YARGITAY 22. HUKUK DAİRESİ |
|||||||
Esas No. Karar No. Tarihi: |
2011/13096 2012/97 17.01.2012 |
İlgili Kanun / Madde 4857 S.İşK/18-21 |
|||||
|
|||||||
ÖZETİ davacı işçinin işe iadesine ilişkin mahkeme kararının kesinleşmesinden sonra kanuni sürede işe başlamak için davalı işverene 02/12/2008 günü başvuruda bulunduğu, davalı işverenin de 17/12/2008 günlü yazı ile 23/12/2008 günü işe başlaması için davacı işçinin işe iade başvurusunu kabul ettiği konusu uyuşmazlık konusu değildir. Davacı dava dilekçesinde işverenin davetine icabet etmemesi yönünde bir mazeret ileri sürmemiştir. Böyle olunca işverence yapılan fesih artık 4857 sayılı Kanun’un 21/5.maddesi gereğince geçerli feshin sonuçlarını doğuracağından, bunun sonucu olarak boşta geçen dört aylık süre ücretine hak kazanamaz. Mahkemece davanın reddi yerine yazılı şekilde kabulüne karar verilmesi hatalıdır. | |||||||
DAVA : Davacı, boşta geçen süre ücreti alacağının ödetilmesine karar verilmesini istemiştir.
Mahkeme, isteği kısmen hüküm altına almıştır.

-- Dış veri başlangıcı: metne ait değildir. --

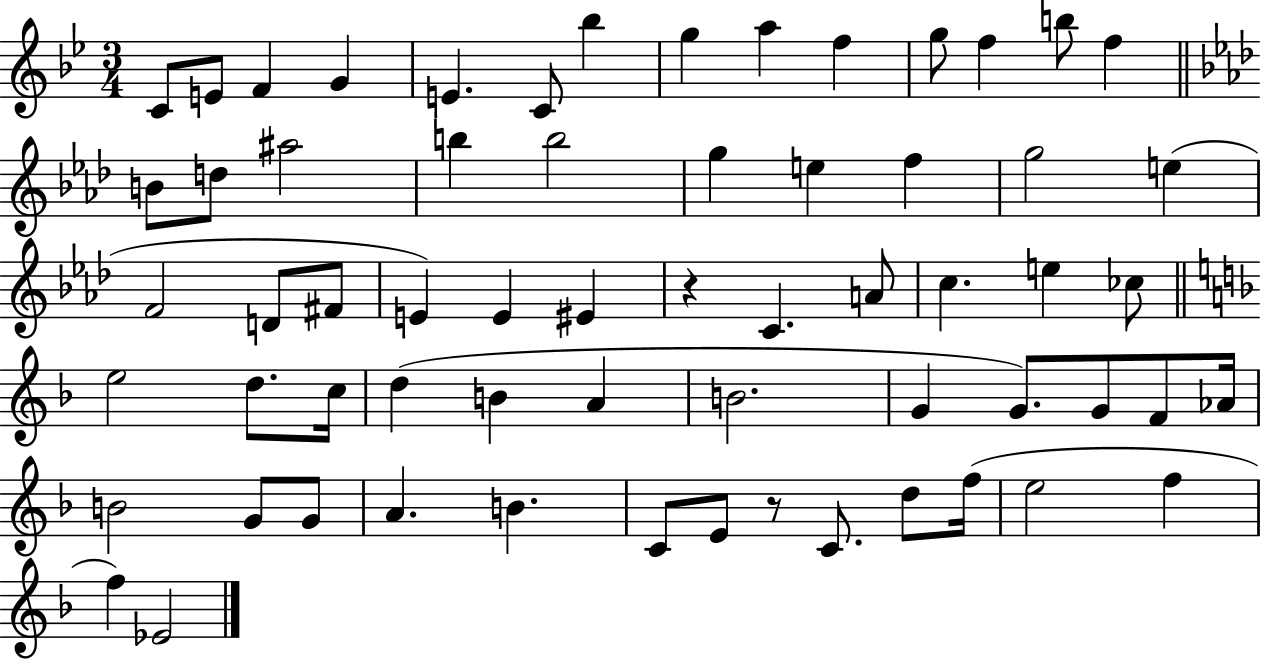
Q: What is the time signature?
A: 3/4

Hüküm süresi içinde davalı avukatı tarafından temyiz edilmiş olmakla, dava dosyası için Tetkik Hâkimi K. Keleş tarafından düzenlenen rapor dinlendikten sonra dosya incelendi, gereği konuşulup düşünüldü:
Davacı işçi, iş sözleşmesinin feshinin geçersizliğine dair kesinleşen mahkeme kararından sonra süresi içinde başvurduğunu işverenin işe davet ettiğini ancak işe başlamadığını, işe iade kararında belirlenen botsa geçen süre ücretinin işveren tarafından ödenmediğini ileri sürerek boşta geçen süre ücreti istemiştir.
Davalı işveren, davacının çağrıya rağmen işe başlamadığını, mazeret de bildirmediğini bu nedenle feshin geçerli hale geldiğini belirterek davanın reddine karar verilmesi gerektiğini savunmuştur.

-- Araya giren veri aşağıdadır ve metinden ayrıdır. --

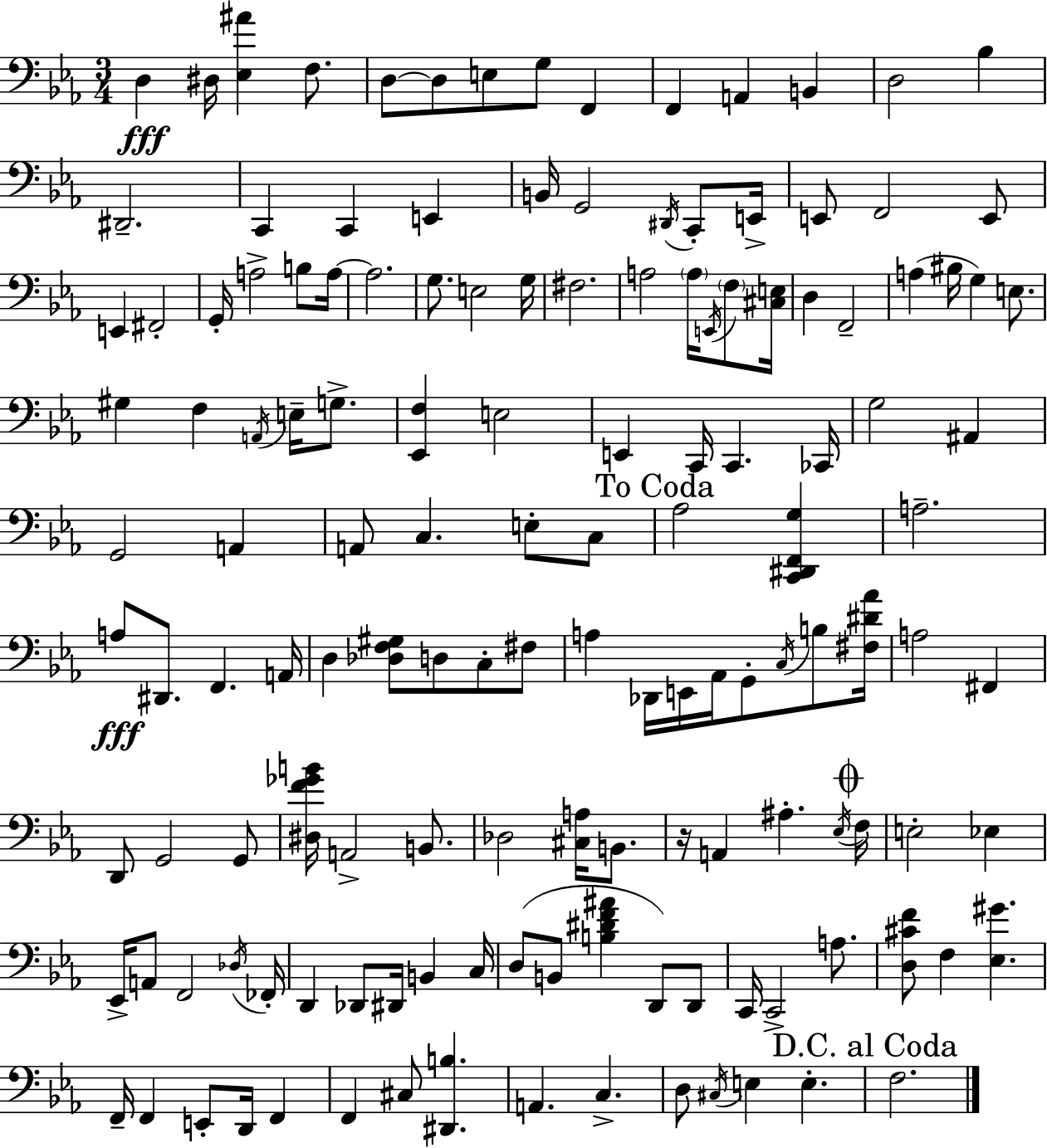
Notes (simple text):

Mahkemece boşta geçen süre ücretine hak kazanmak için işe başlamak gerekmediği gerekçesi ile davanın kabulüne karar verilmiştir.
Karar davalı vekili tarafından temyiz edilmiştir.
4857 sayılı İş Kanunu’nun 21. maddesinin 5. fıkrasına göre, işçi kesinleşen mahkeme kararının kendisine tebliğinden itibaren on iş günü içinde işe başlamak için işverene başvuruda bulunmak zorundadır. Aksi halde işverence yapılan fesih geçerli bir feshin sonuçlarını doğurur. İşçinin işe iade yönündeki başvurusu ciddi ve samimi olmalıdır. İşçinin gerçekte işe başlamak niyeti olmadığı halde, işe iade davasının sonuçlarından yararlanmak için yapmış olduğu başvuru geçerli bir işe iade başvurusu olarak değerlendirilemez.
4857 sayılı Kanun’un 21. maddesine göre işveren işe iade için başvuran işçiyi bir ay içinde işe başlatmak zorundadır. Aksi halde feshin geçersizliği davasında belirlenen iş güvencesi tazminatı ile çalıştırılmadığı en çok dört aylık süre ücret ve diğer hakları ödenmelidir. İşverenin işe davete dair beyanının da ciddi ve samimi olması gerekir. İşverenin işe başlatma amacı olmadığı halde işe başlatmama tazminatı ödememek için yapmış olduğu çağrı, gerçek bir işe başlatma daveti olarak değerlendirilemez.
İşçinin işe iade sonrasında başvurusuna rağmen işe başlatılmaması halinde, işe başlatılmayacağının sözlü ya da eylemli olarak açıklandığı tarihte veya bir aylık başlatma süresinin sonunda iş sözleşmesi işverence feshedilmiş sayılır. İhbar ve kıdem tazminatı ile iş güvencesi tazminatı belirtilen fesih tarihindeki emsal işçi ücretine hesaplanır.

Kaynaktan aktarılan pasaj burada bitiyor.